On November 5, 1979, Al Capp, the creator of the long-running comic strip “Li’l Abner,” died at the age of 70.
In terms of both popular success and critical acclaim, Capp may well have been the most accomplished American cartoonist of the 20th century. Yet by the end of his life, he was an embittered and isolated man whose political right-turn dismayed many and who faced accusations that led hundreds of newspapers to drop his cartoon strip.
Alfred Gerald Caplin was born in New Haven, Connecticut on September 28, 1909. His parents, Otto Caplin and the former Matilda Davidson, were both American-born, but their parents were Jewish immigrants from Eastern Europe. His father’s family hailed, according to biographers Denis Kitchen and Michael Schumacher, from the Lithuanian village of Yanishok.
Late in his life, Capp told an interviewer that his parents’ fathers “had found that the great promise of America was true – it was no crime to be a Jew.” His father graduated Yale Law School but thereafter lacked regular employment, and Alfred and his siblings grew up impoverished.
When he was nine, Alfred was pinned under a New Haven streetcar while on his way to a haircut, requiring the amputation of his left leg above the knee. He was always open about his injury, and after World War II even produced an autobiographical comic book intended for amputee veterans returning to civilian life. But he was in steadily increasing physical pain throughout his life, which may explain his evidently growing choler.
Capp (he shortened his name so that it would fit inside within the cartoon panel of “Li’l Abner”) never finished Bridgeport High School, but decided early on that he wanted to become a cartoon artist. He attended three different art schools – and was expelled from each when he failed to pay tuition.
Instead, in 1932. he went to New York and began knocking on doors. Once he began to get work there was no stopping him: He found jobs in advertising and as a ghost artist for several regular cartoon strips. That same year, he also met and married Catherine Wingate Cameron, who remained his wife until his death.
The birth of Dogpatch
By 1934, Capp had devised the concept of a strip about the residents of an imaginary town in the American South that he called Dogpatch, which he sold to United Features Syndicate. “Li’l Abner” premiered on August 13, 1934, and ran until November 1977. At its peak, it appeared in 900 papers domestically and more than another 100 overseas. Through shrewd management, Capp created a financial empire based on it and its spinoffs, which included adaptations for Broadway and for the screen.

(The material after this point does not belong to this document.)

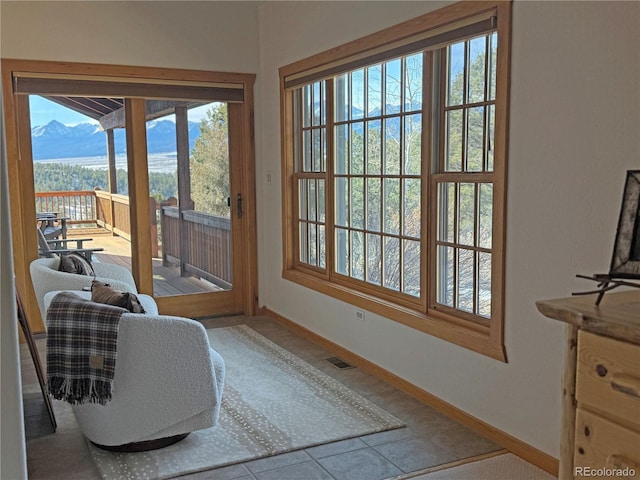 doorway with a mountain view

Capp once referred to Dogpatch as “an average stone-age community,” but he imbued his characters – principally Li’l Abner, Mammy and Pappy Yokum, and Daisy Mae Scragg – with honesty and nobility, allowing them to serve as foils to Capp’s satirical depictions (often parodies of real people) of politicians and businessmen – and other cartoonists who had crossed Al Capp. He was a skilled draftsman, and his literary imagination was truly limitless. (In 1953, novelist John Steinbeck suggested that “Capp may very possibly be the best writer in the world today.”)
In the 1960s, Capp moved from his early, open identification with many left-wing causes to supporting the Vietnam War and President Richard Nixon, although he remained a champion of civil rights and gay rights to the end of his life.

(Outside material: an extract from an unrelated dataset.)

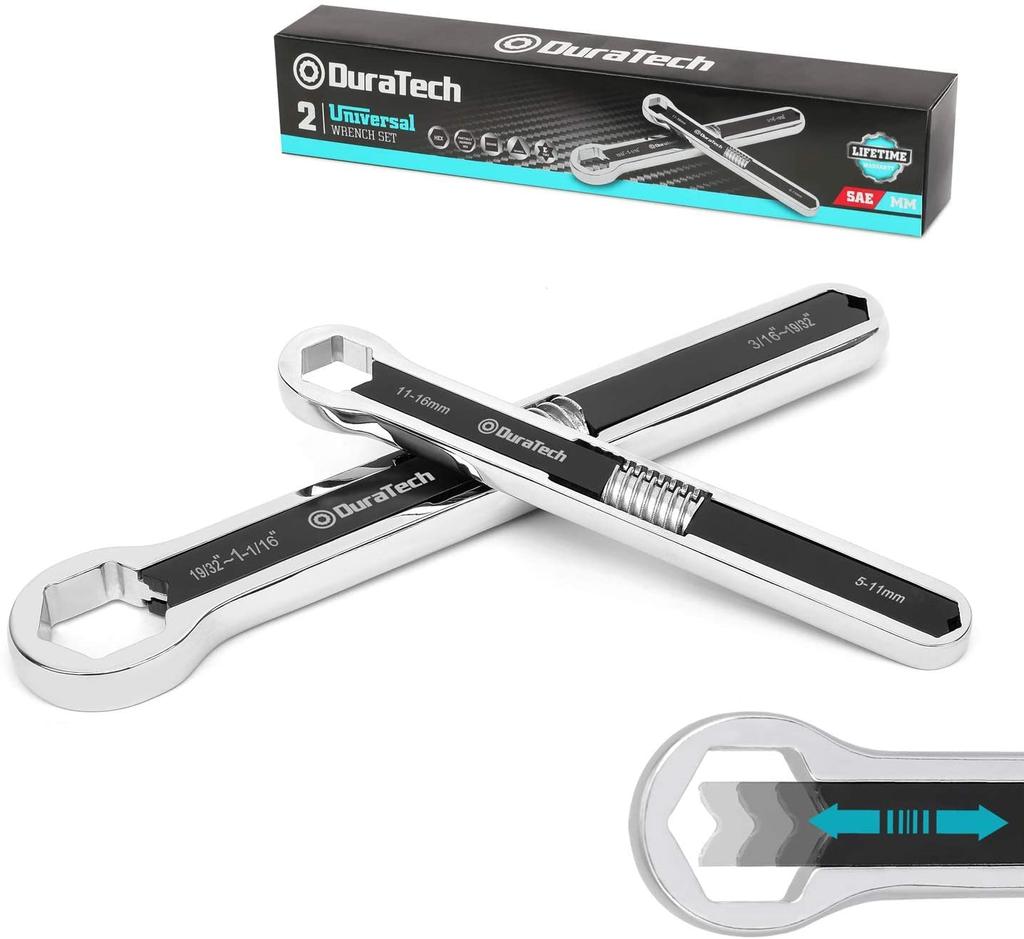 DURATECH Universal Adjustable for Automotive Repair and Maintenance Wrench, Multi-Function Wrench, Dual-Use Head, Size, 2-Piece Set, 5-16m, 5-27mm,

Capp made frequent appearances on college campuses, where he would engage in shouting matches with student radicals. He was accused of making indecent advances toward female students and in one case, at a Wisconsin college, according to Kitchen and Schumacher, he avoided rape charges by pleading guilty to “attempted adultery.”
After his death, from emphysema, at his home in South Hampton, New Hampshire, reports of harassment decades earlier of a young Goldie Hawn and Grace Kelly also emerged. But he was no longer around to contest them.